Chapter 5
Maya
I died for the fifth time in a row, my character plummeting into a pit of toxic sludge, and threw my hands up in mock despair. “I hate this level!”
“You’re overthinking it,” Geoff said, his voice rumbling with barely suppressed laughter. “Trust the momentum.”
“Trust the momentum, he says. As if physics and I are on speaking terms.”
“Don’t you remember? You explained optimal DPS rotations to me using calculus last month.”
“That’s different. Game math makes sense. Physics is just the universe mocking me.”
He laughed. It was a deep, full-bodied sound that I felt as much as heard.
We were sitting on his couch, close enough that I could feel the warmth radiating from him, yet far enough that we weren’t quite touching.
Well, unless one of us got excited and grabbed the other’s arm.
Or when we both reached for the bowl of popcorn at the same time.
Or when he leaned over to point at something on the screen and his shoulder pressed against mine.
Those moments were becoming more frequent as the day wore on.
“Okay, watch,” he said, restarting the level. “See how the portal creates momentum? You’re not falling, you’re launching.”

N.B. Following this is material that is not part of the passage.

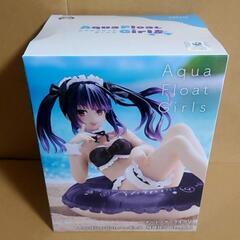 デート・ア・ライブⅤ Aqua Float Girls 時崎狂三 Renewal　フィギュア　1箱の画像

I watched his hands on the controller. His massive hands, that could probably crush the device without effort, moved with surprising dexterity.
His claws were filed short, I noticed. Neat and careful.

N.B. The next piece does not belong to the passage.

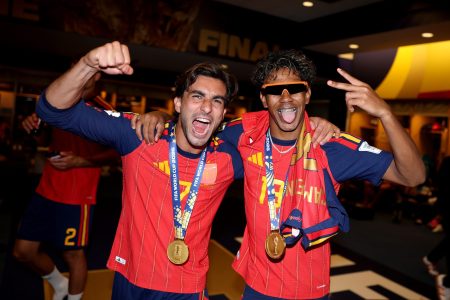The Real Winners of the World Cup Final? All the Haircuts.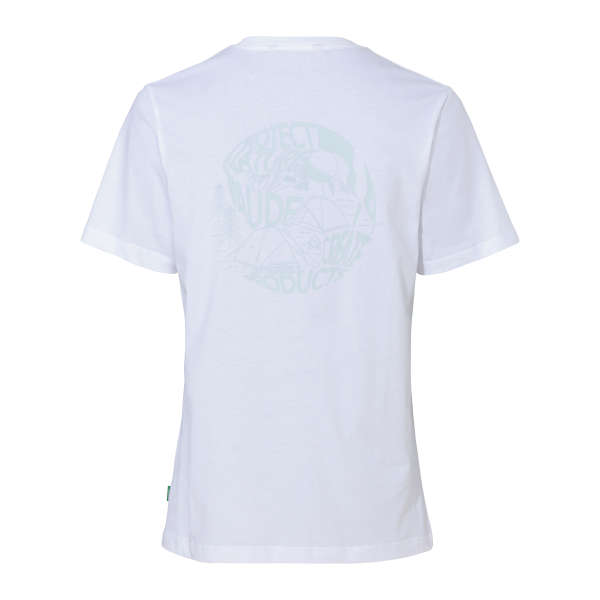 Wo Spirit T-Shirt II - white - Rückansicht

Everything about him was like that, I was learning.
Controlled. Contained. He was constantly aware of his own strength and actively chose gentleness.
It was doing things to my heart I wasn’t quite ready to examine.
“Your turn,” he said, passing me the controller. Our fingers brushed, and I definitely didn’t imagine the way he hesitated before pulling away.
I tried the level again, following his guidance. This time I made it through, barely.
“Ha! See? Physics and I are friends now.”
“You’re welcome.”
“I could have figured it out. Eventually, I mean.” I winked.
“Maya, you’ve died twelve times on this level.”
“You know, in some cultures, thirteen’s a lucky number.”
He shook his head, but he was smiling. That smile did things to me. It was so different from what I’d imagined during our late-night gaming sessions. It was wider, more uninhibited, revealing those sharp teeth that should have been intimidating but somehow weren’t.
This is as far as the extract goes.